A week or so ago, I accidentally found that my Local Council (Reading) have a web page displaying live information (every 5 mins) on how full each of the town centre car parks is. Its a few clicks into the site and presented as a table and a basic map. You can see it here.
Whilst I think its great that someone has done all of the hard work to collect the data and get it up onto the site, it didn’t feel like it was particularly useful in the format its in.

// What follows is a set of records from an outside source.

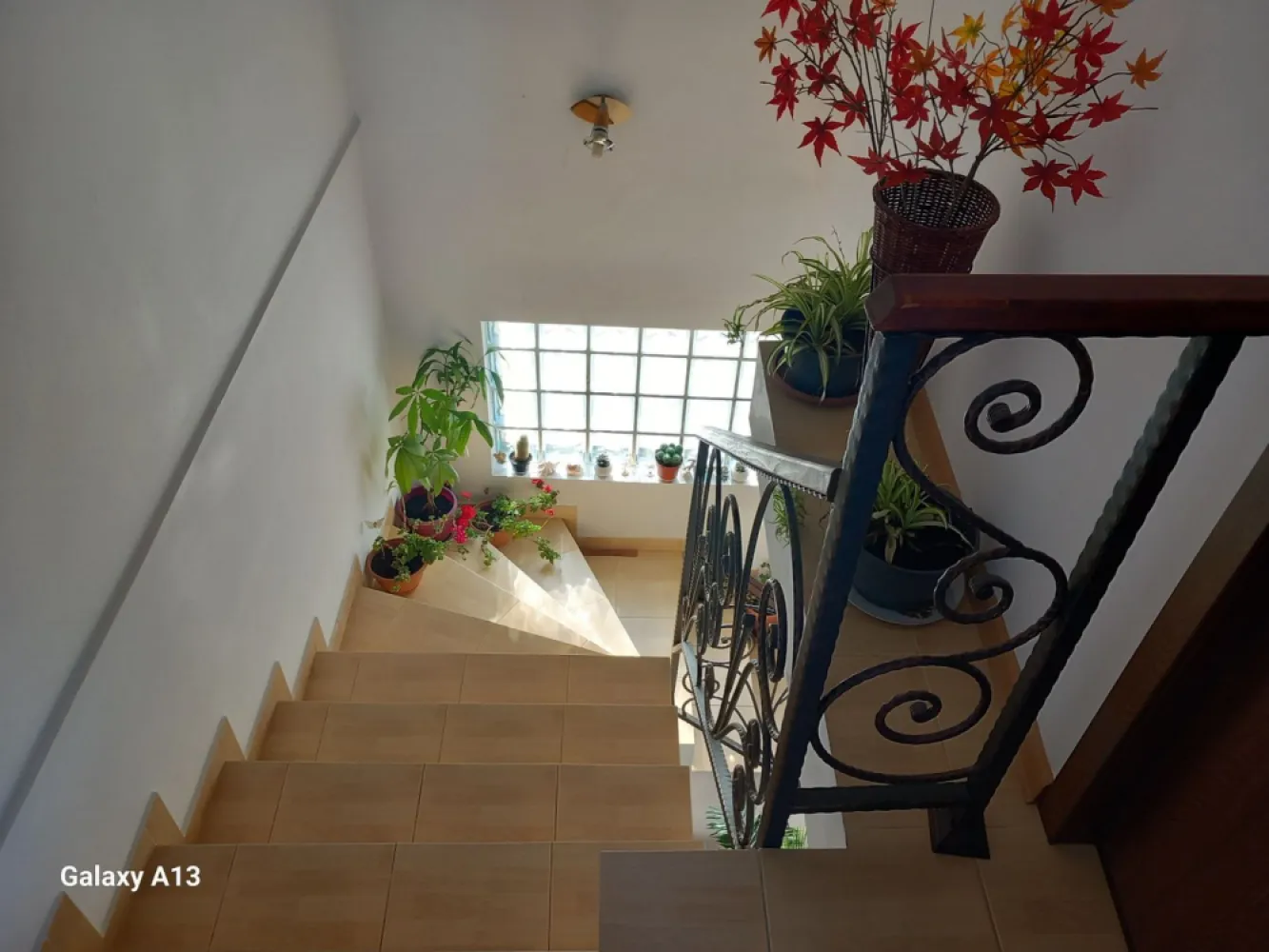 Ag BRASADAS vinde casa individuala 5 cam orasul PANTELIMON. - Agenția BRASADAS vinde casa individuala cu 5 camere, 4 dormitoare, bucatarie inchisa, 2 bai, 2 terase, balcon si 2 locuri de parcare situata în orașul PANTELIMON, construita in 2015. 

Terenul aferent este în suprafață de 262mp. suprafață utilă a casei este de 110mp, cea construita este 123mp, iar amprenta la sol 65mp.

În apropiere la 5 minute pe jos este statie 

Pentru mai multe oferte accesați www.brasadas.com.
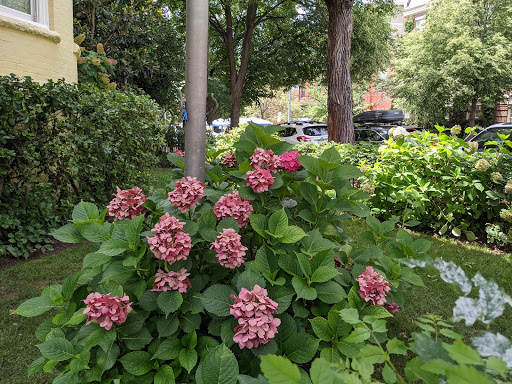 Modern Art Museum «The Phillips Collection», reviews and photos, 1600 21st St NW, Washington, DC 20009, USA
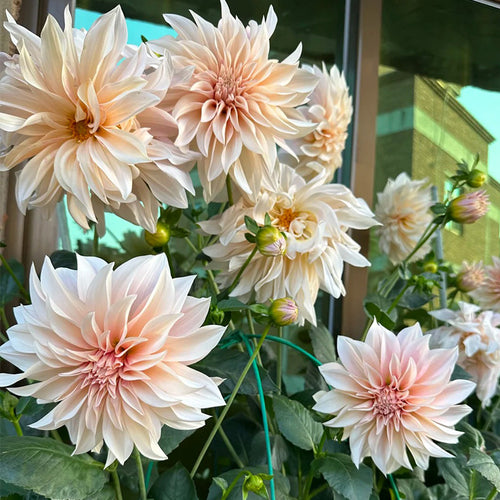 Dahlia Seeds - Blush Pink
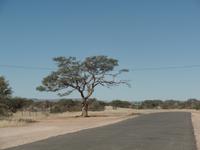 Tage Rundreise Namibia – Die Erlebnistour mit  Kalahari – Fish River-Canyon – Lüderitz – Namib – Swakopmund – Erongo Gebirge – Etosha Nationalpark – Windhoek (199)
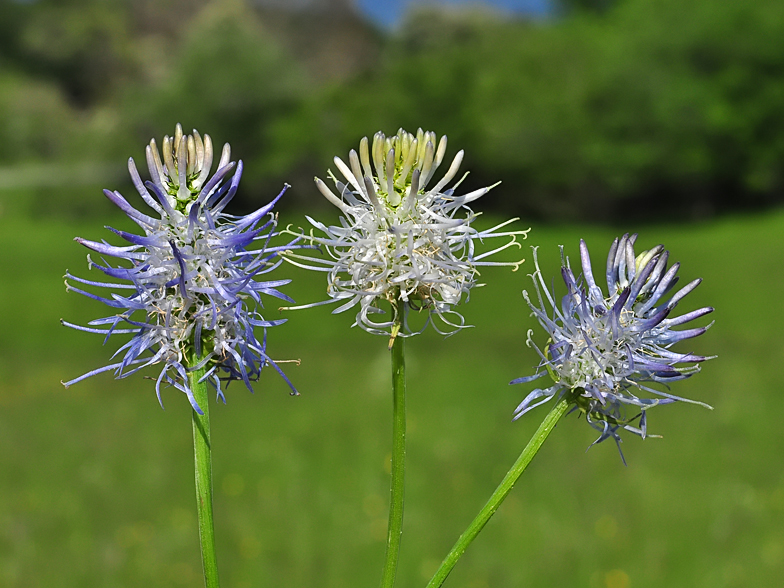 Phyteuma spicatum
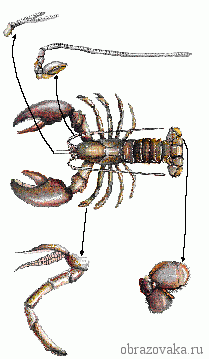 Внешнее строение речного рака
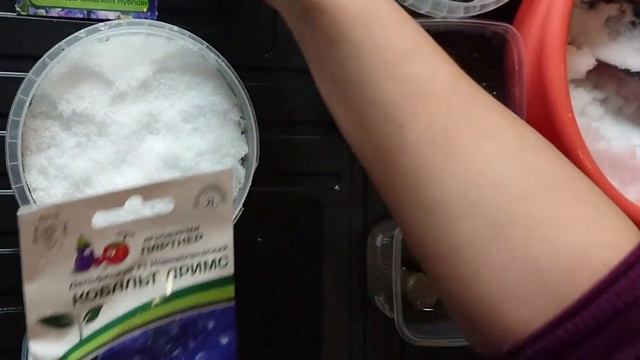 СТРАТИФИКАЦИЯ ДЕЛЬФИНИУМА - ДА ИЛИ НЕТ? СЕЕМ ЗЕМЛЯНИКУ. смотреть онлайн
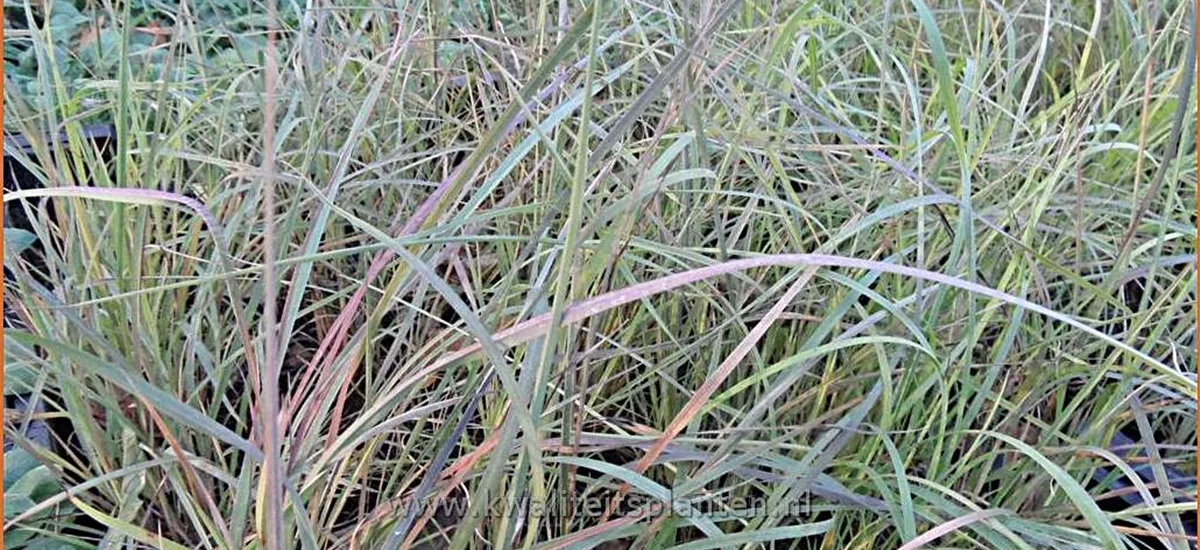 Schizachyrium scoparium 'Prairy Blues'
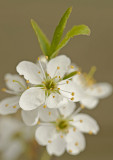 Blossoms/Bloesem 48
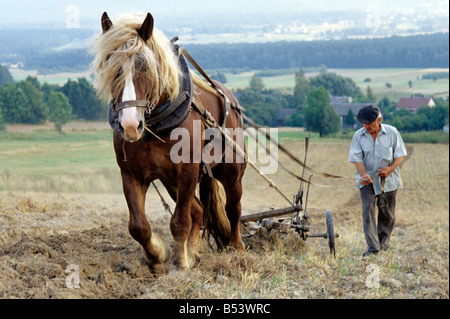 Poland Psary village, tillage drudgery toil with horse plough Stock Photo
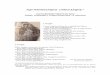 Agni Parthene Despina O Reine Jungfrau 1 - · PDF file1 Agni Parthene Despina-O Reine Jungfrau 1 Hymnos des heiligen Nektarios von Ägina Melodie: Mönche des Hl. Klosters Simonos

Above all its not particularly mobile friendly… which is kind-of what you’re likely to be using at the point when you want to know whether the carpark you are heading for is full or not.
So as an exercise in ‘how easy would it be to do something with the data’, I built this… Its a live view of how full each of the six main car parks in Reading is right now. (Note: For some reason it doesn’t work in Internet Explorer – sorry – although fine in Firefox, Safari, Chrome etc)
UPDATE: 9th Sept 2010 – The councils website is currently saying that its carpark web service is unavailable… So the map below doesnt work at the moment Update: 24th Sept 2010 – Appears to be up and running again
Sorry your browser wont let you see the map here. click on the link below instead
… It shows a google map, uses Yahoo Query Language to scrape the information off the councils web site, converts the info to a ‘percentage full’ figure, then pops markers on the map which are coloured green, yellow, or red depending on how full the carpark is.
Its not particularly polished – and there are loads of ways it could be improved, but for a quick hack, its not a bad start.
If you want to use it yourself (without having to link to this blog post) then you can get it here http://jimanning.com/rdgcarparks
Having hacked this together it set me thinking along the lines of…
- It took around 2 hours to make this
- I’m not a fantastic coder & it was the first time I had used the google maps API & Yahoo Query Language
- based on the above, one days work, from someone who knew what they were doing, would be all it would take to make this a super useful thing.
- If Reading council made the data available in a more ‘consumable’ way then it would be even easier to build stuff like this.
So the thought I’m left with is… what’s stopping Reading Council from turning all the data they have into formats that are more easily accessible and therefore more useful to the people who live here?